Zhimin has fuzzy match implentation on local machines using open source code

Motif confusion matrices as paradigm for fuzzy match interface.

Z: there is literature on matching up record references with two dbs on unsupervised learning.

  • What can we say by 2009 ABI (June?):
    • Paul prototype can find dups
    • Maureen: can adopt IPT for local to global map
    • Caching
      • diagram is only how to construct. How to find: first(?) local, then global, then construct. Now have only last? "Think globally, first act locally"
    • Zhimin and team: specify an Analysis interface to be a parameter to the Dispatcher? (Where should Analysis be invoked? API Dispatcher?)

By Sunday evening: make the "Think globally, act locally(TGAL)" stuff more explicit

By two weeks hence, have diagram fixed to address the above. Then June ABI task is: show a caching TGAL

Component diagram rendering scribbles from blackboard about local/global/construct and questions about where analysis is invoked (adding notifiable as question about pub-sub)


James: Main use case requires fuzy match on Collector/CollectorName

1. Make a demo with not all nodes equal

2. Fast local cache

3. Queries to run faster

    • use a local service that runs always with cached classes from previous hadoop jobs. Hadoop task only sends it arguments and process results of it.

4. Demo with several different use cases (adding demonstration of Make Annotation use case)

  • "Real time" answers for simple case, using query cache locally
  • Fuzzy match (implicit, not defined by GUI)
  • Demo not tied to Speciy or at least to Specify not tied to fixed mapping
    • Excel as an ODBC source? (Perhaps not, flat file cases covered by Specify Workbench) Simple relational Microsoft Access DB? Maybe NY data?
  • Receiving annotation pushed in to local client from network
    • need GUI for creating annotation
    • need GUI for receiving annotation
    • need to think about implementing pub-sub

Investigate IIPT ("Inverse Internet Publishing Toolkit") for ingestion (possible make annotation injection client, possible mapper code).

Performance with Hadoop was a key issue Bob observed in giving the GBIF demo. Using Hadoop currently appears to add an overhead of starting a JVM and loading classes for each message launched into network. One option: investigate altering Hadoop startup behavior to reduce overhead. Another option: put more buisness logic into processing messages before handing them off to Hadoop.
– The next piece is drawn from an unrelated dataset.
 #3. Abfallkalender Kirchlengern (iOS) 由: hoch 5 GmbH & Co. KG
Discussion of second option lead to suggestions of elaboration of the communication component from Prototype_design#Revisiting_the_design adding a dispatcher able to choose between analytical engines - a lightweight engine and Hadoop as a heavy weight engine, with "get results fast from the local cache" queries being passed to the lightweight analytical engine which would query a fast local datastore.
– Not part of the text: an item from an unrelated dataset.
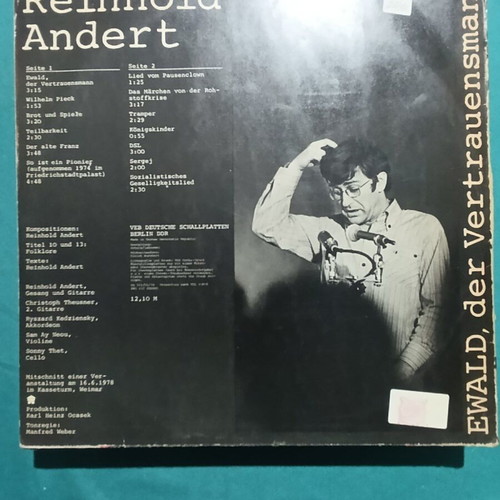 Reinhold Andert vinyl record like new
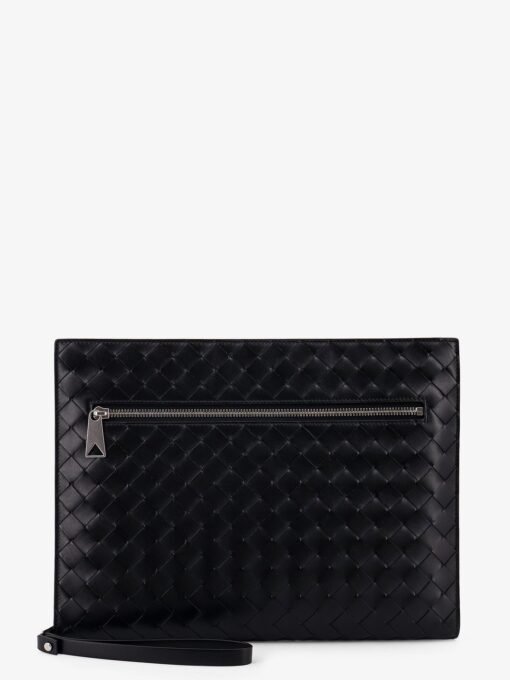 Avenue leather document case with Intrecciato motif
Architecture with "always running" dispatcher that can take messages from Hadoop and run classes already known.

1. A "find dups" query is launched from a Specify node by a call to the FP API.

2. The FP API sends the query to the dispatcher

3. The dispatcher sends the query to a lightweight engine that simply queries the local cache for results, and returns them, if found, to the dispatcher and thence to the Specify node.

4. The dispatcher also sends the query to a heavyweight engine.

5. The heavyweight engine does analysis to determine what other nodes might be interested or ought to be queried, performs the queries, adds results to the local cache, and maybe dispatches notifications to interested subscribers (or maybe the dispatcher does after the heavyweight engine returns results).

Whiteboard image with expanded component diagram showing proposed dispatcher and lightweight engine, along with sequence diagram for find duplicates message processing by the dispatcher.
Component diagram with dispatcher and lightweight engine


Sequence diagram:

Dispatcher messages.png

For next week: 2009Mar19

  • Zhimin will create and time a hadoop job that does nothing but report a timestamp so that we can learn how much hadoop job execution time is overhead
  • Paul will upload his picture of the architecture-with-dispatcher diagram.
  • James to consider distance metrics.